Eva Braun’s home movies of Adolf Hitler and other high-ranking Nazi officials are a terrifying time capsule of just how ordinary the most evil men in history can appear. The films show Hitler playing with children, Goebbels goofing around, and SS soldiers playfully chasing dogs. But the original 16mm films, which were captured by the Americans after World War II and sent to the National Archives, are currently missing.
The news comes from a Freedom of Information Act request that I submitted to the National Archives’ Office of the Inspector General. In 2011, the National Archives opened an investigation into the Nazi home movies, which are believed to have vanished in the 1990s. The Archive has copies, but nobody is sure if the originals were destroyed, lost, or stolen.

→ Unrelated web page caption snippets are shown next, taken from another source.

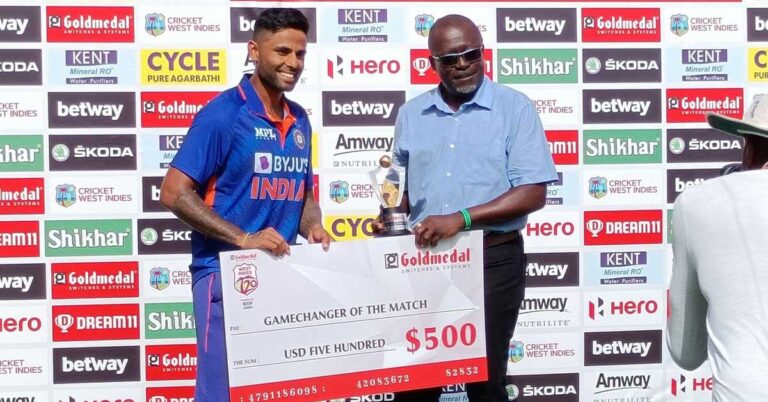 Suryakumar Yadav shoots up to 2nd in T20I batting rankings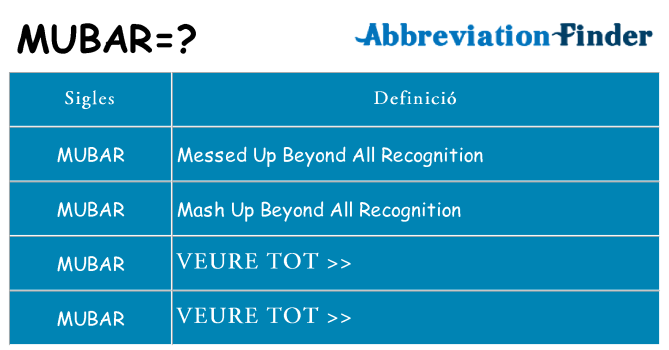 Què representen mubar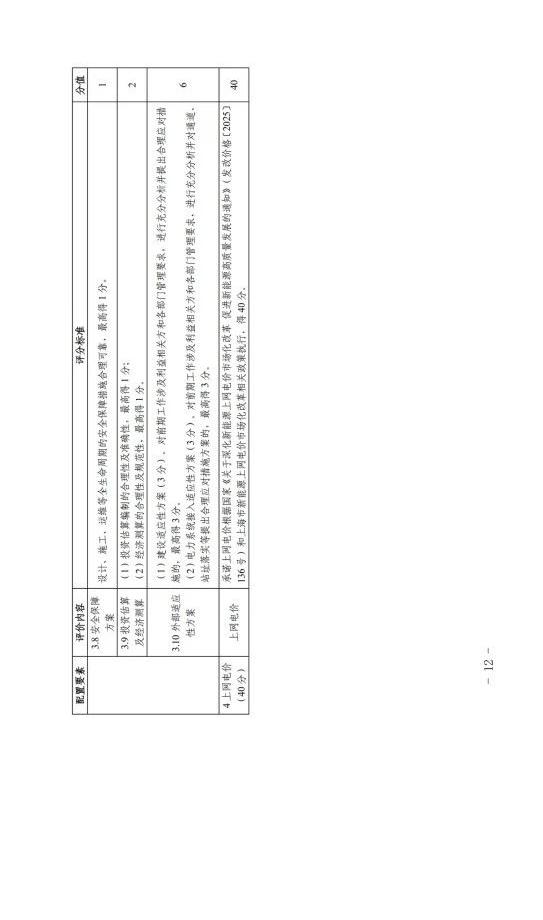 上海市发改委关于公布《上海市2025年度“风光同场”海上光伏项目竞争配置工作方案》的通知（沪发改能源〔2025〕122号）20250701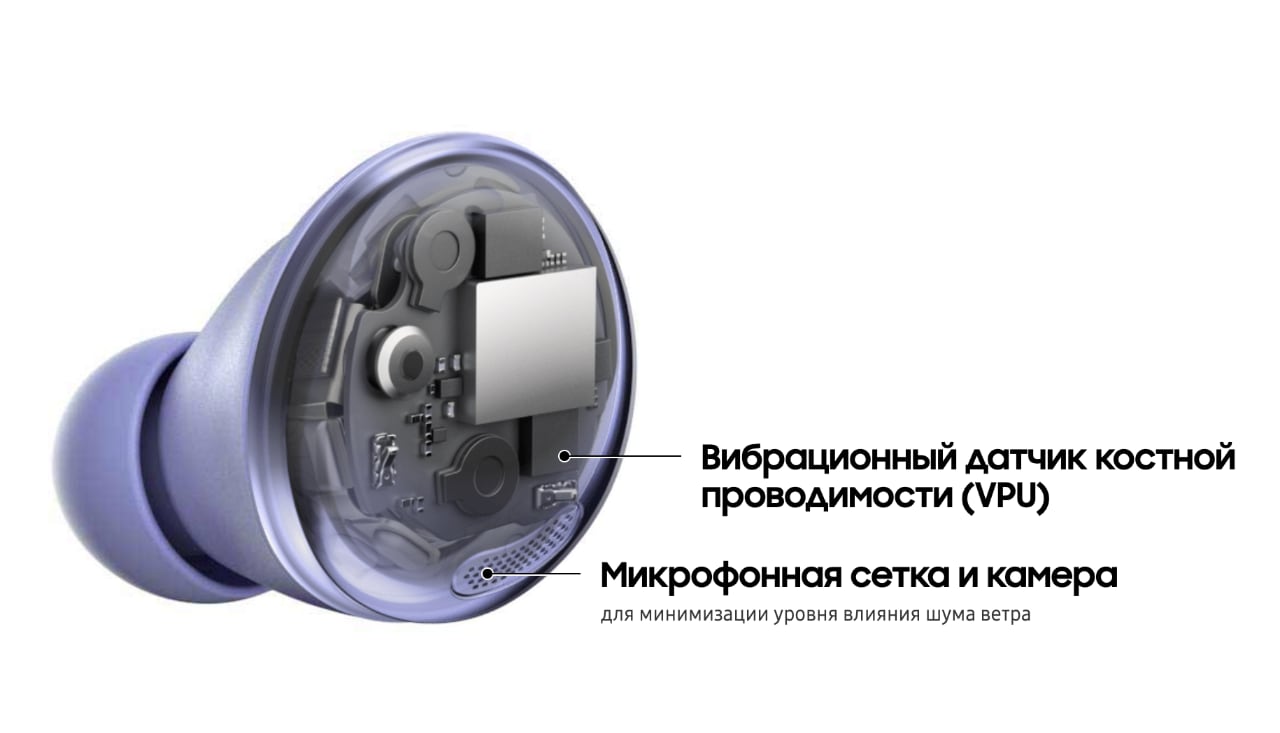 Samsung Galaxy Buds Pro или Huawei FreeBuds Pro? Сравнение лучших TWS-наушников года-10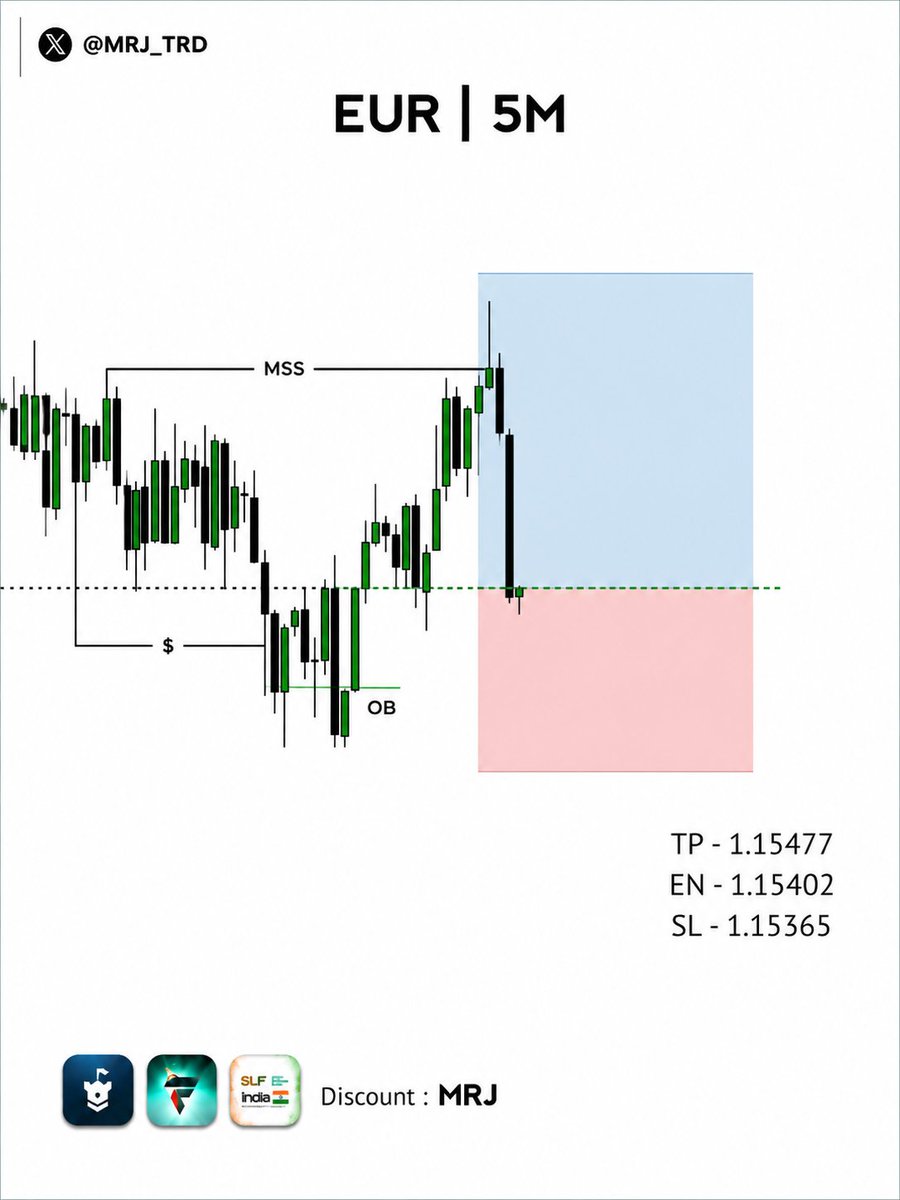 APU_FX's tweet photo. Entry triggered. ✅
Let's see how this one performs. 🤝📈
TP &amp; SL are set
#EUR #Forex #ICT #SMC https://t.co/nHtl0RTx7J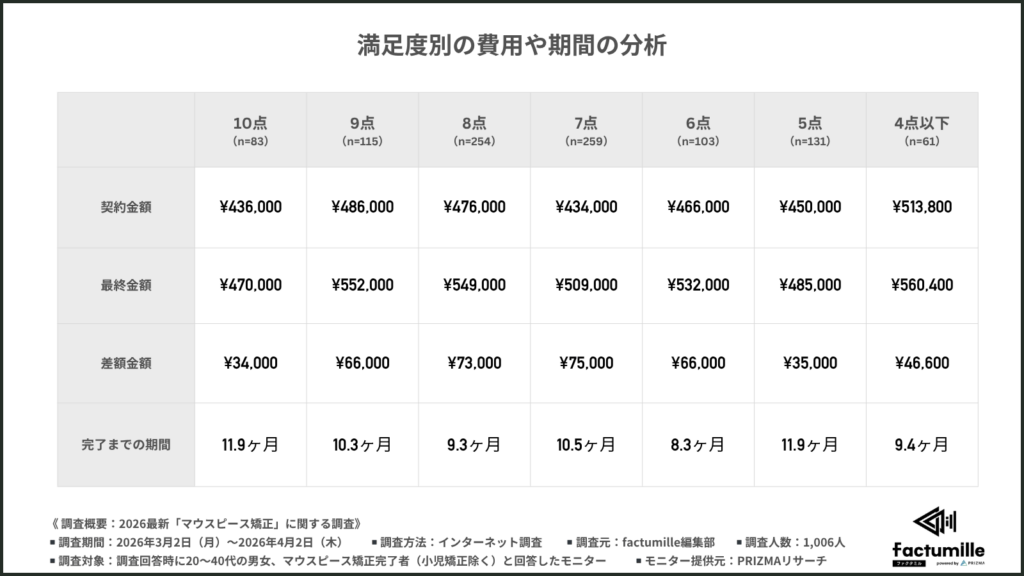 満足度別の費用や通院などの分析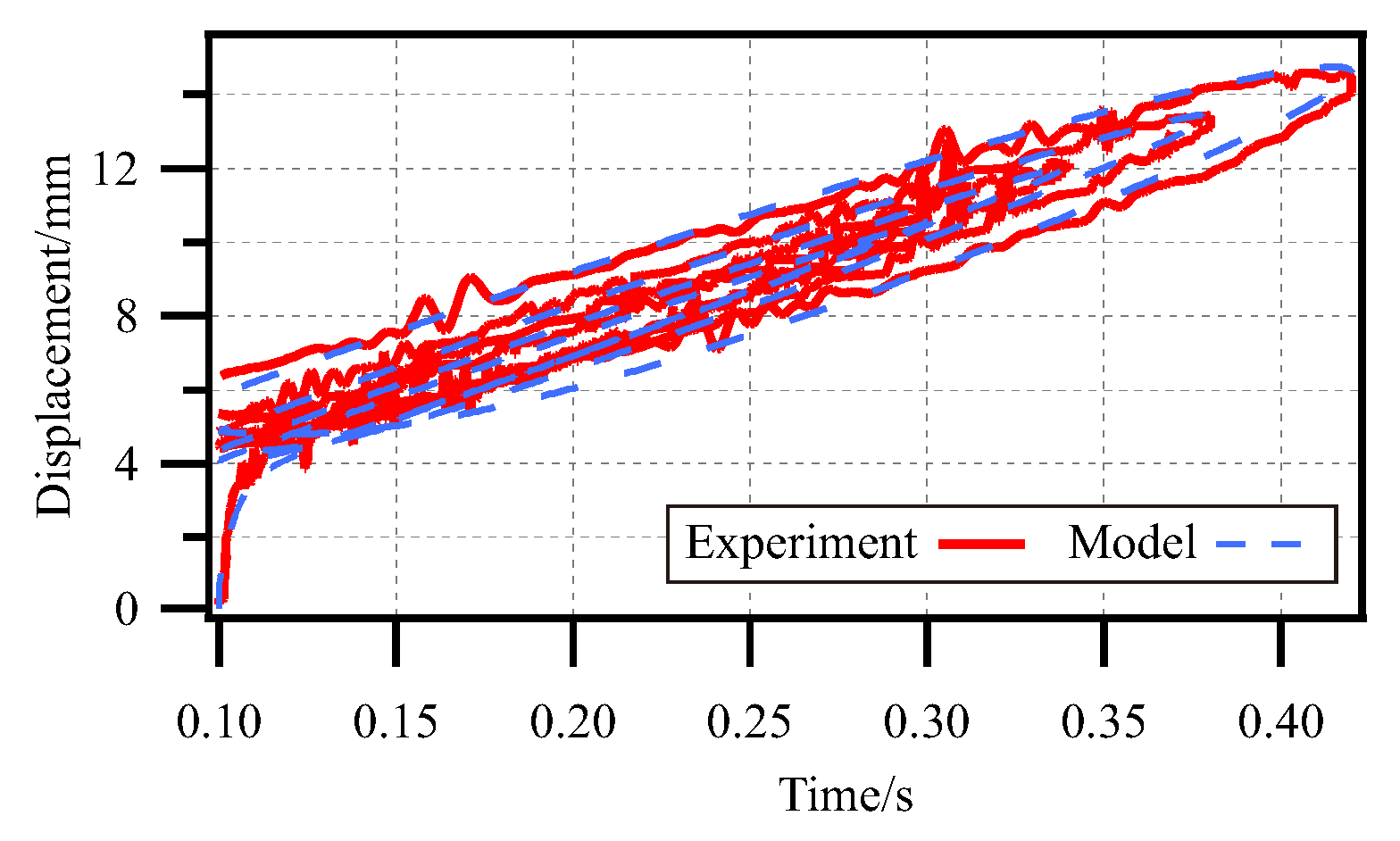 Actuators 14 00193 g021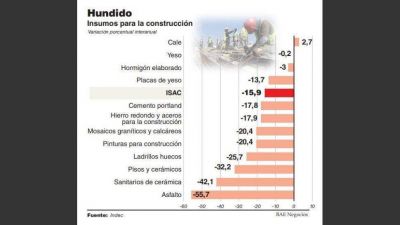 El Gobierno estudia ampliarbeneficios impositivos para reactivar la construcci�n privada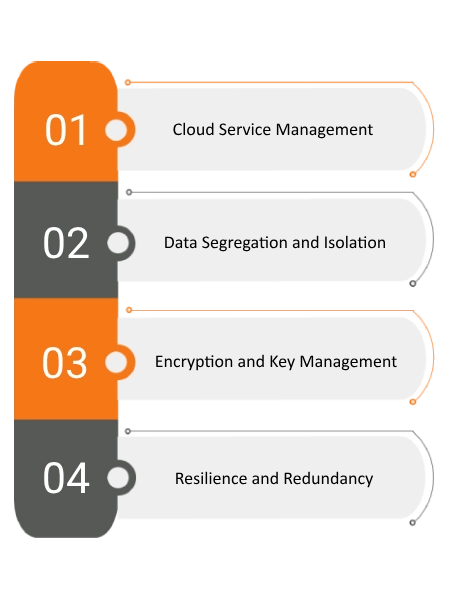 ISO 27017 Information Security for Cloud Services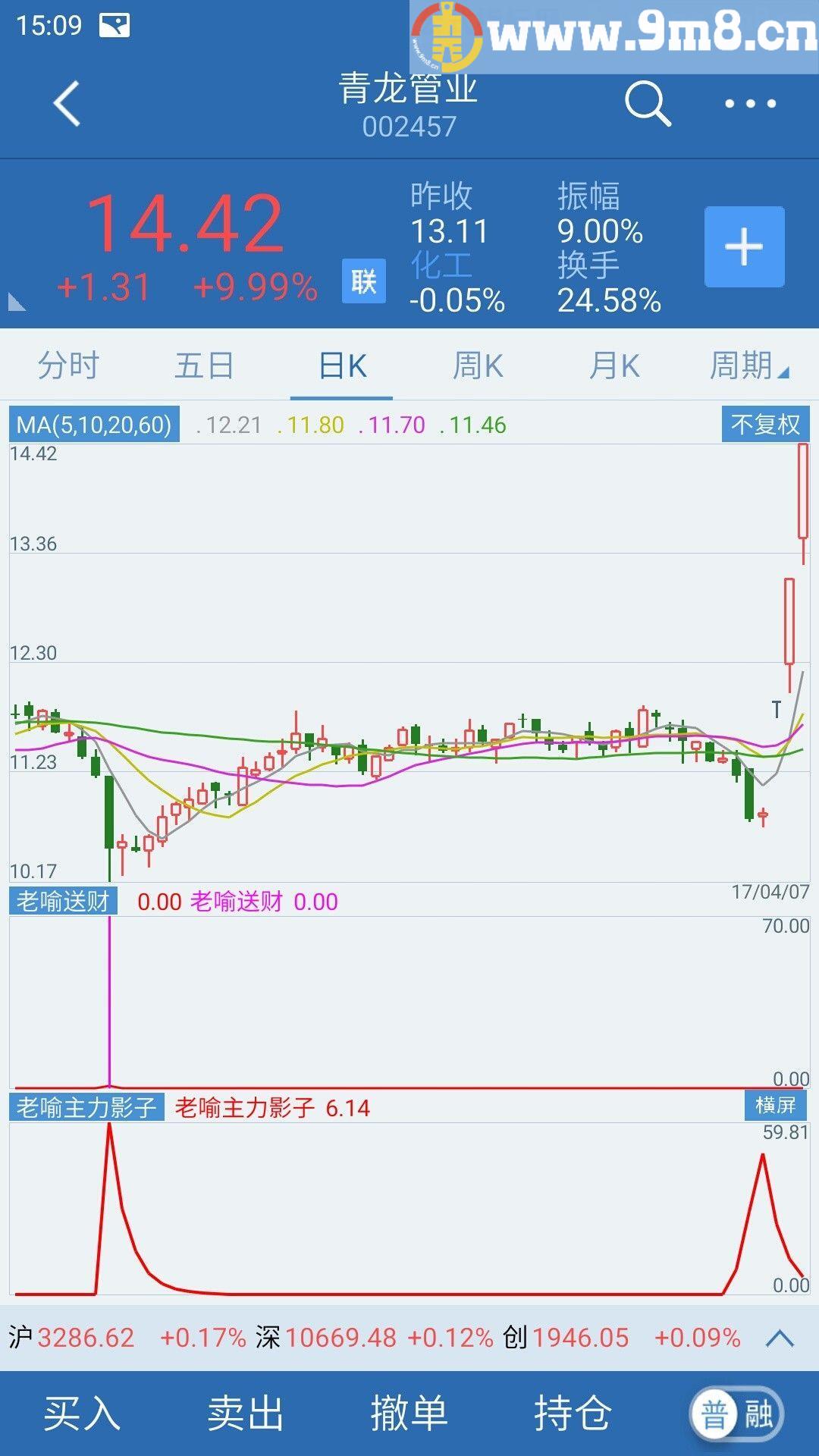 《老喻主力影子》通达信手机版指标（指标 副图 手机版 通达信 贴图） 无未来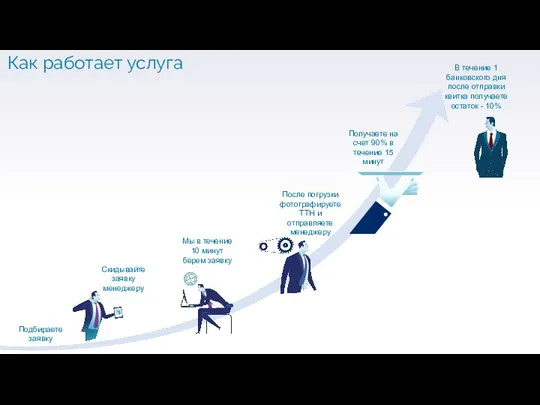 Как работает услуга Подбираете заявку Скидывайте заявку менеджеру Мы в течение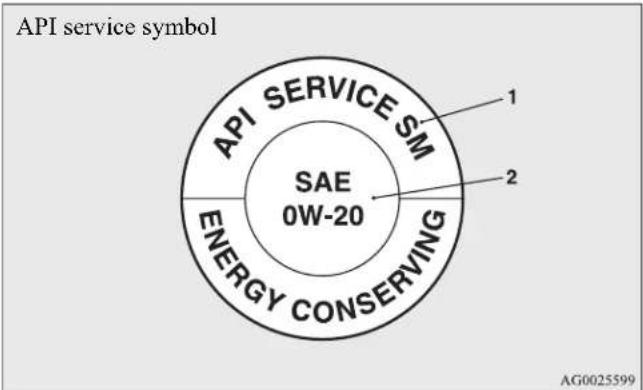 API service symbol API SERVICE SM SAE 0W-20 ENERGY CONSERVING 1 2 AG0025599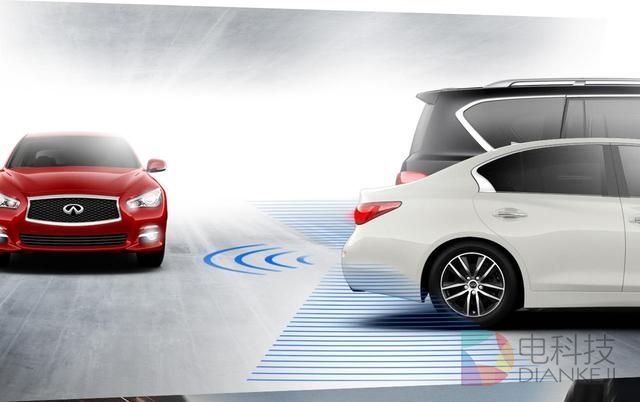 【车智汇】无人驾驶：主流主动安全系统技术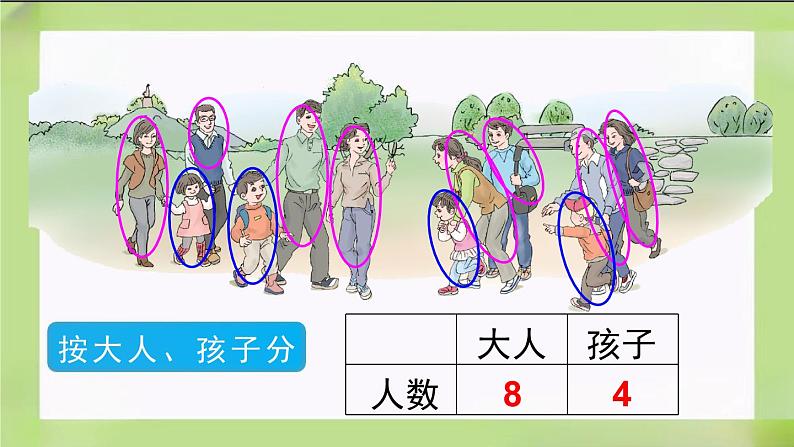 人教版数学一下3.1《  分类与整理（2）》课件第5页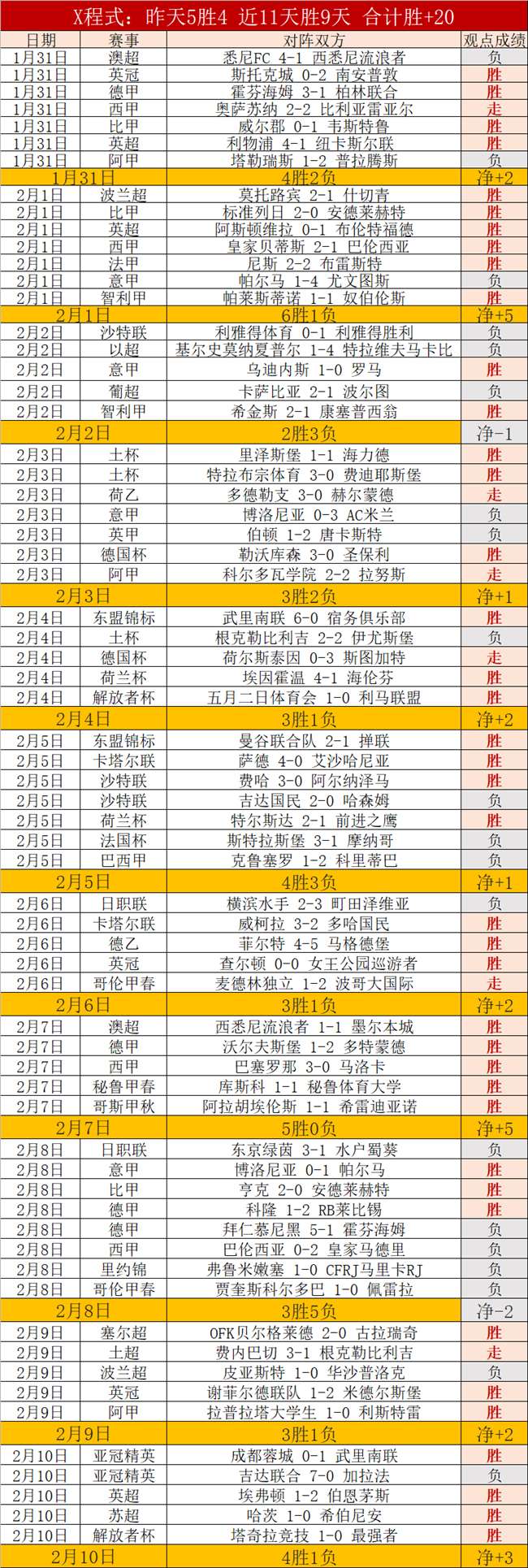 大乐透期号,专家质合分,析推荐,90vs足球即时比分,90vs比分,90vs体育比分网,比分直播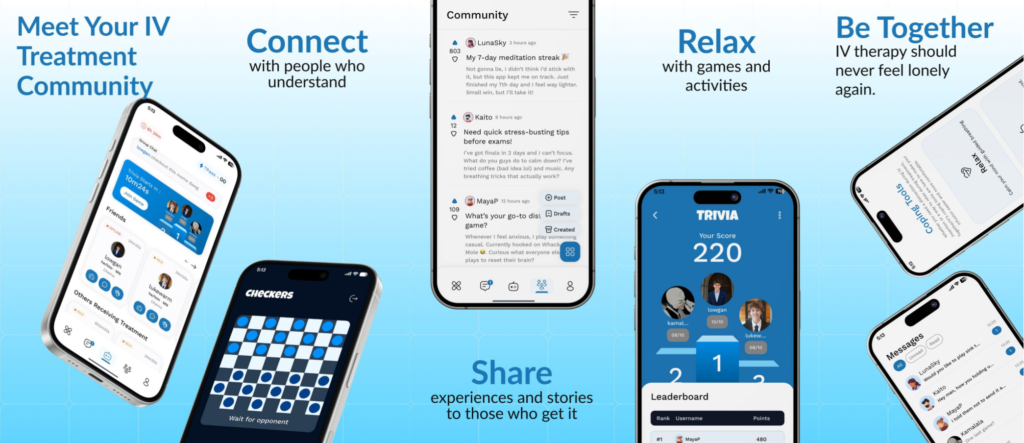 Graphic depicting the capabilities of the TogetherIV app.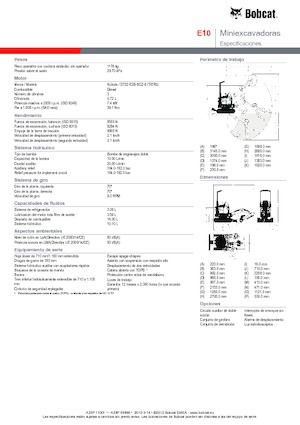Minibagger Bobcat E10
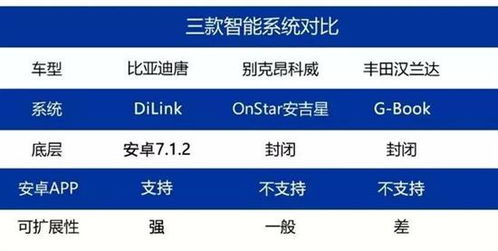 安卓100系统特性,革新特性全面解析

The report notes that there were originally eight reels of film with a mixture of both 16mm color and 16mm black and white, totaling 9,167 feet. Sometime in the 1990s the National Archives systematically made copies of many films due to “vinegar syndrome” and in some cases destroyed the originals. There are, however, no records of what was destroyed.
The National Archives tried to locate the originals at various times in 1999, 2006 and 2011, but each time came up empty handed. They checked everywhere, including the National Archive’s enormous underground facility in Lenexa, Kansas.
The 2011 investigation referenced in the report is probably about Leslie Waffen, the former head of the National Archives audiovisual department. Waffen systematically stole at least 955 sound recordings during his 37 years at the Archives and sold some of them on eBay. Many of the recordings sold for astonishingly low prices, including a Babe Ruth audio recording from 1937 that went for just $34.73.
Waffen pleaded guilty in 2011 and, as far as we know, he’s never been a suspect in the case of the missing Eva Braun films. But he was an employee there during the 1990s when they went missing. Waffen confessed to stealing 955 sound recordings, but the NARA Office of the Inspector General’s report on the matter claims it was actually in the thousands.
Sadly, many of the items Waffen admitted to stealing and selling online couldn’t be recovered since they were shipped to addresses overseas and other parties in the US who couldn’t be found. Again, there’s no indication in the documents that Waffen took the films, but he’d certainly be the first person I’d ask. He was sentenced to just 18 months in prison.
It’s believed that the National Archives has copies of every missing Eva Braun home movie, but it’s tough to know for sure. I reached out to the National Archives for comment but have yet to hear back.
In the meantime, can someone check on Nic Cage? If memory serves, that 2004 documentary National Treasure had something about stealing old pieces of American history in Washington.